**PROBLEM:** Of all the lines in the entries below, give again exactly those starting at the line containing "Delichieuse5 Live XXX Chat" and ending at the line containing "2841 Saint Andrews Dr", both ends included, and no others.

[Crawled caption data]

------------------------------------

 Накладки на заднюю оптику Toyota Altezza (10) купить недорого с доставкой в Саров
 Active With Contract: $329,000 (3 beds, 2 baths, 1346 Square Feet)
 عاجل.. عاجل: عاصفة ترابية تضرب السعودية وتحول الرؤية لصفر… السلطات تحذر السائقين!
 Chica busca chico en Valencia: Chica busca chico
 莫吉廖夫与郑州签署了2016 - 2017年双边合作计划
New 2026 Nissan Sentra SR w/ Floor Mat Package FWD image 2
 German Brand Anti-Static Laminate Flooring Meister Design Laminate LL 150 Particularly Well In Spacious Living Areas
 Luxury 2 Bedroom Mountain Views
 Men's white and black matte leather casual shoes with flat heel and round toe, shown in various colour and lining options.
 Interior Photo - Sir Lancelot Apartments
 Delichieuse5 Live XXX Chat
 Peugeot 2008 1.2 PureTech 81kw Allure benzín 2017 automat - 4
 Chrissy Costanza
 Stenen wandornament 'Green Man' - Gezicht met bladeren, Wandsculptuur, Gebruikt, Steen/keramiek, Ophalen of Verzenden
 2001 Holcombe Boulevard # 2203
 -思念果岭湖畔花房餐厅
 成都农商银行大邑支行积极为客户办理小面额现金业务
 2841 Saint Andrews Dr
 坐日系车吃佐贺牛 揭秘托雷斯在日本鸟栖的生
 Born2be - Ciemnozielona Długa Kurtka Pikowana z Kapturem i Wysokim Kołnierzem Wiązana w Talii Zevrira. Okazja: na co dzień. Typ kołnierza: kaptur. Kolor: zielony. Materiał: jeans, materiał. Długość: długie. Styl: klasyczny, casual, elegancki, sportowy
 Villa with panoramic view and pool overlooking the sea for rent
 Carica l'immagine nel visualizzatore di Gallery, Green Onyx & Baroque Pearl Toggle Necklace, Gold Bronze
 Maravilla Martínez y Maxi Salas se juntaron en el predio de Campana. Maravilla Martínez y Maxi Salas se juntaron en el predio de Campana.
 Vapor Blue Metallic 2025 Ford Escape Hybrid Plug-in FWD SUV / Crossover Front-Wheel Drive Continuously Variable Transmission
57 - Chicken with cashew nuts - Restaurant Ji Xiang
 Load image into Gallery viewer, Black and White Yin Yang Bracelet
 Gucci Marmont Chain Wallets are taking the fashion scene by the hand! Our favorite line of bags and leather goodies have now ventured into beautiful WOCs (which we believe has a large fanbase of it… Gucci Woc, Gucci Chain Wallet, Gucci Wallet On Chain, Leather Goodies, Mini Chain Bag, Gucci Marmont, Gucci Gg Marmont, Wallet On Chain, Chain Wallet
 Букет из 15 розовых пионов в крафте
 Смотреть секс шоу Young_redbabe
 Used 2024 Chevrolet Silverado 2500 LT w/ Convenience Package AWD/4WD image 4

------------------------------------

**RESPONSE TO THE TASK:**
 Delichieuse5 Live XXX Chat
 Peugeot 2008 1.2 PureTech 81kw Allure benzín 2017 automat - 4
 Chrissy Costanza
 Stenen wandornament 'Green Man' - Gezicht met bladeren, Wandsculptuur, Gebruikt, Steen/keramiek, Ophalen of Verzenden
 2001 Holcombe Boulevard # 2203
 -思念果岭湖畔花房餐厅
 成都农商银行大邑支行积极为客户办理小面额现金业务
 2841 Saint Andrews Dr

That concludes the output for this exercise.